Reconstituting the Postwar US Empire: The US Military System and Global Anti-base Resistance Movements

AHA Session 217
Saturday, January 7, 2017: 10:30 AM-12:00 PM
Plaza Ballroom D (Sheraton Denver Downtown, Plaza Building Concourse Level)
Chair:
Susan Lisa Carruthers, Rutgers University at Newark
Comment:
Susan Lisa Carruthers, Rutgers University at Newark

Session Abstract

This panel examines the emergence of the US military empire and the possibilities and limits of resistance movements organized in opposition.  At the end of World War II, as former colonial empires rapidly decolonized and the US assumed responsibilities for dismantling the Axis powers, the US emerged as the undisputed world power.  Defining itself against older empires, the US celebrated its liberal virtues that included a distaste for territorial acquisition, support of the right to self-determination, and a desire to protect the world from communist insurrection.  Against even a professed reluctance to maintain standing armies in the prewar period, the US consolidated a global circuit of military bases that secured US hegemony over a growing capitalist world-economy.  These bases not only fulfilled its liberal values but anchored the postwar form of US imperialism, which manifested in anticommunist wars in Korea and Vietnam, clandestine interventions in extra-national affairs, and continuing engagements in the Middle East after the Cold War.

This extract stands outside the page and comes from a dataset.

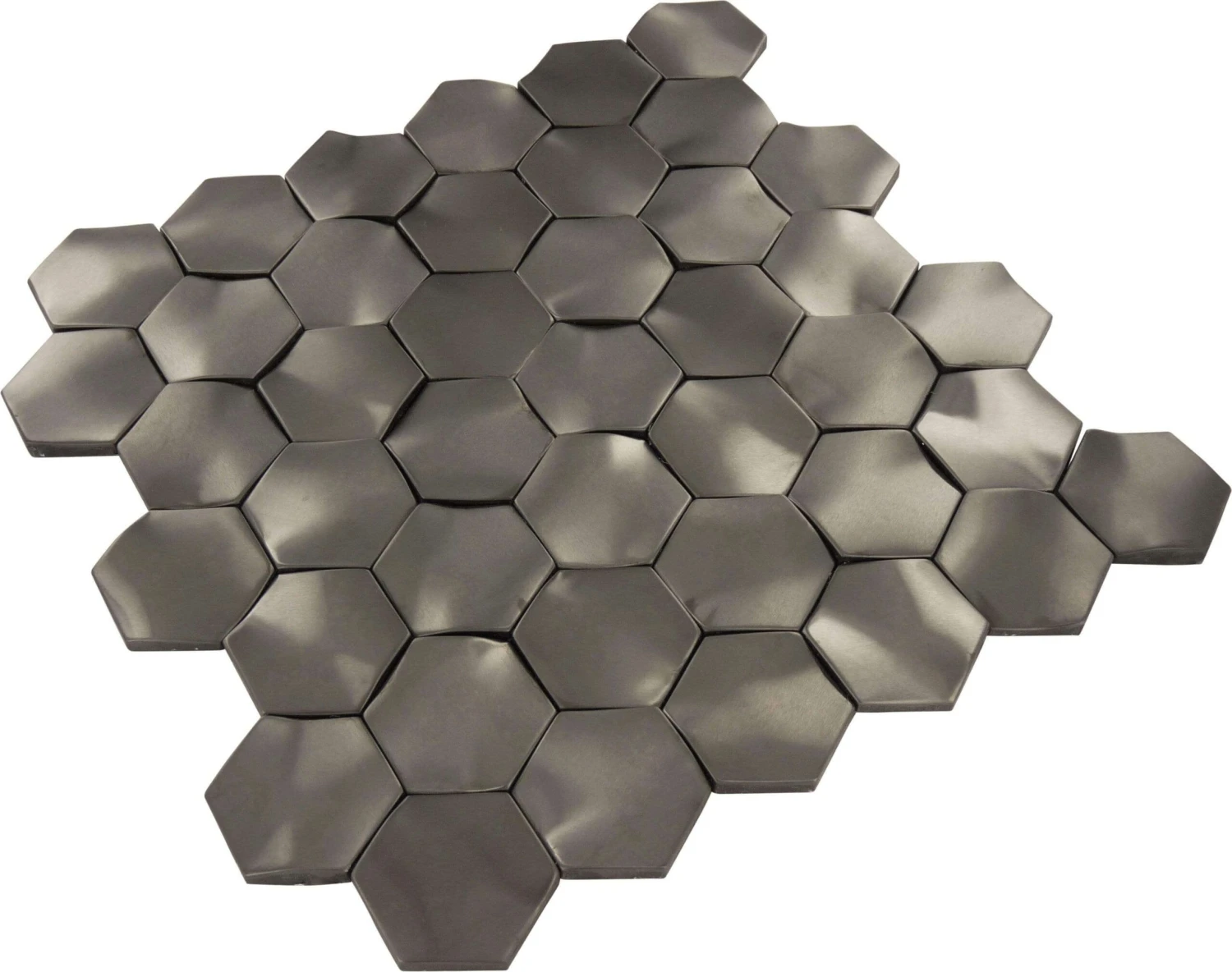 3D Gun Metal Grey 2x2 Hexagon Metal Tile - Image 3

Using the category of empire, which acknowledges the unequal distribution of power across national boundaries, this panel brings into conversation studies of militarism in seemingly disconnected times and locations.  We begin during World War II in US-occupied Italy and postwar Okinawa, where military administrations encouraged cultural and economic engagements friendly to US prerogatives.  We then examine the contemporary moment in Okinawa and the Middle East where the US strategy of maintaining bases continues to reproduce US dominance without the complete retention of administrative powers.  Collectively, we ask: What role did the US military play in postwar US imperialism and what imperial forms are characteristic to the postwar period?  How did US militarism proceed and what role did culture play in enabling it?  In what ways did anti-base movements reproduce or overturn the dynamics encouraged within the US military base system?

The panel’s engagement with the above questions offers two intellectual contributions.  First, by connecting case studies not normally considered together, our panel generates discussions of similarities in US military strategy or occupation experiences.  We see this panel as an opportunity to bridge not only divisions produced when the nation-state is taken as the foundational unit of analysis but also particularities emerging from specific temporal or local contexts.  Among the commonalities this panel suggests is the extent to which US militarism is inseparable from the economic and cultural realms even if recognizable impacts are in the realm of politics and diplomacy.  Second, our discussion of the heterogeneous anti-base movements mobilizing against the US encourages broader generalizations about anticolonial resistance.  We hope that our attempt to identify common characteristics in anti-bases resistance advances studies of collective action that recognize both the changing nature of alliances and internal divisions defined by race, gender, class, sex, and nation.  In this way, our panel contributes not only to the themes of the 2017 American Historical Association annual conference, “Historical Scale: Linking Levels of Experience” but also to the writing of global, transnational histories.